Penguin design had initially been a key factor in the company’s success — the books were unmistakable, bold and modern, and the penguin device itself was both instantly recognisable and very adaptable. As paper rationing began to bite during the war and books got thinner, and dust wrappers had to be abandoned, so the penguin device had to adjust — by getting smaller, and appearing in various uncomfortable poses. After the war, Lane was determined to set new standards of design. He sought and secured ‘the best typographer in the world’, Jan Tschichold, then working in Switzerland. In two years Tschichold transformed every aspect of Penguin design: the device, covers, tide pages and the text itself. This purity of design was further enhanced and entrenched by Tschichold’s successor Hans Schmoller, who stayed with the company for the rest of his career, retiring as a board member in 1976. Penguins: A Retrospect demonstrates in every page the influence of these two men.

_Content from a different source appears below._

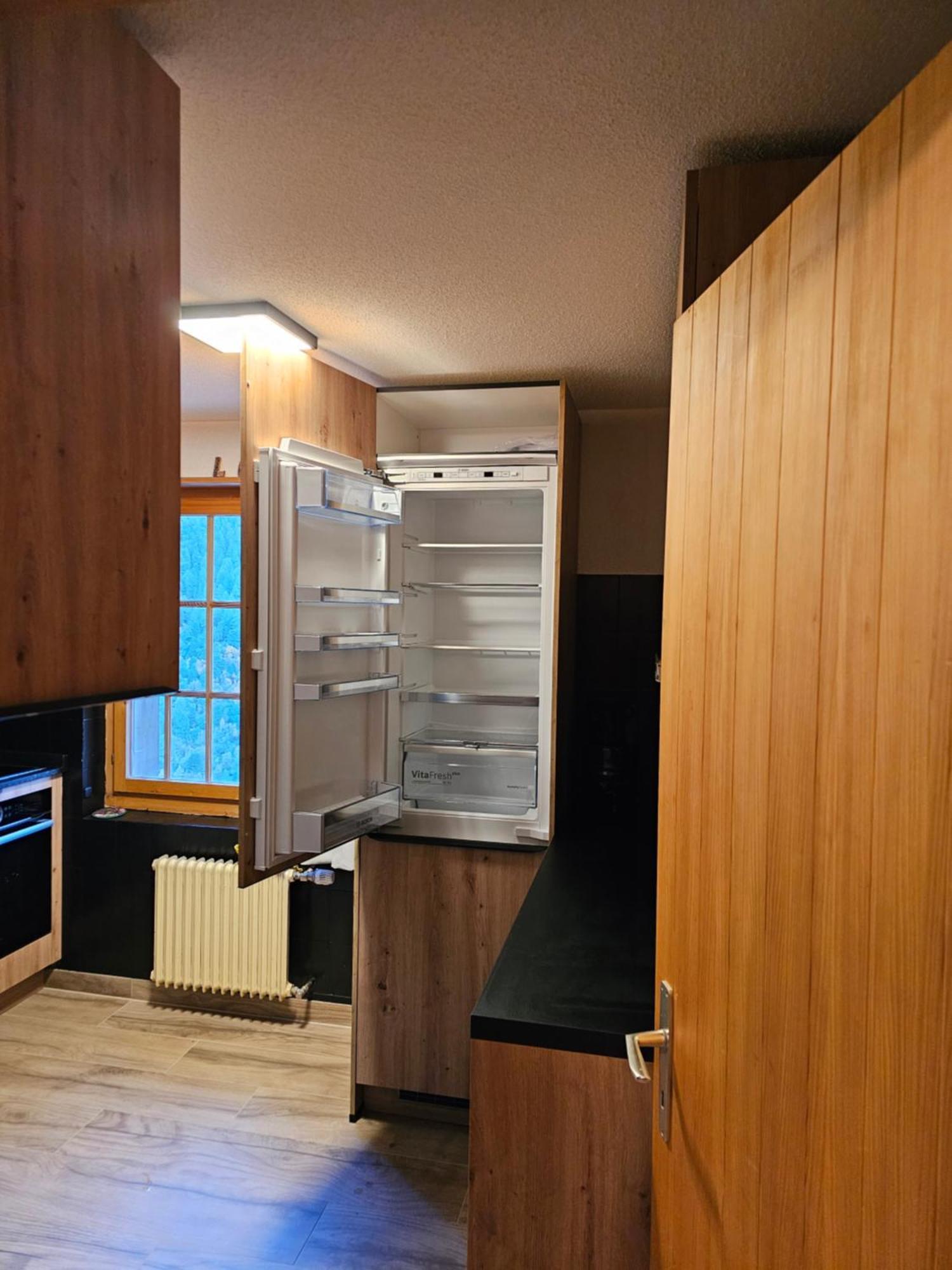 Le Panorama - Appartement 54 A Arolla Face Aux Montagnes A 150M Des Pistes Evolène 外观 照片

Penguin’s first designer had been a young man who had started like Lane, as an office junior at the Bodley Head. Once they had settled on the name Penguin — just one of several acknowledgements of the influence of Albatross Books, Edward Young was dispatched to London Zoo to draw penguins, which soon appeared dancing across the pages of the trade press, and making their initial, welcoming gesture on the spine and front cover of the first issues. Young left Penguin early in 1940 and, after basic training, joined the submarine service. It was his memoir, One of Our Submarines that was published in July 1954 as the 1,000th Penguin in the main series, the penguin and number both framed in celebratory laurel wreaths. Without doubt, it is the sight of this bedecked number 1,000 on the shelves of secondhand bookshops that has introduced the first thoughts of acquiring early Penguins into the minds of countless collectors, the great majority of whom still concentrate on the first thousand of the main series.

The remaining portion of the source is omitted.